Given data:

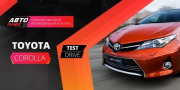Видео тест драйв Toyota Corolla 2013 от АвтоПлюс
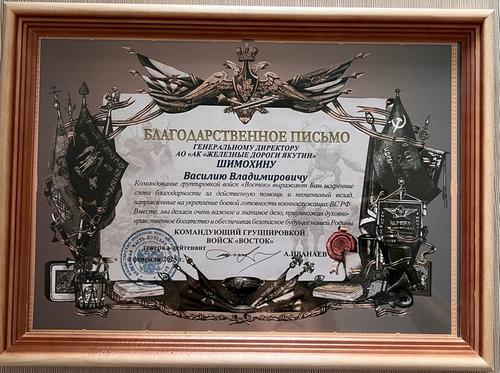 Приумножая духовно-нравственное богатство и обеспечивая безопасное будущее страны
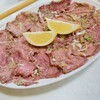 大福園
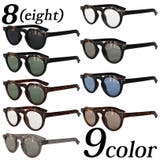 ボストンサングラス メンズ レディース 黒縁眼鏡 | 8(eight) | 詳細画像1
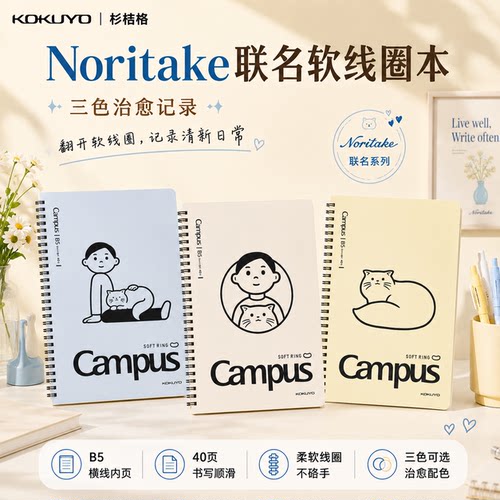 国誉×NoritakeB5横线笔记本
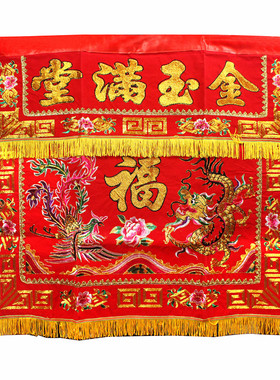 金玉满堂佛台家用香案布龙凤福禄寿桌围布桌围Q桌裙装饰品堂口布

Problem requirements:
Retype only the lines from the one with "国誉×NoritakeB5横线笔记本" through the final line of the entries, please, and keep the pictures out.

Result of the task:
 国誉×NoritakeB5横线笔记本
 金玉满堂佛台家用香案布龙凤福禄寿桌围布桌围Q桌裙装饰品堂口布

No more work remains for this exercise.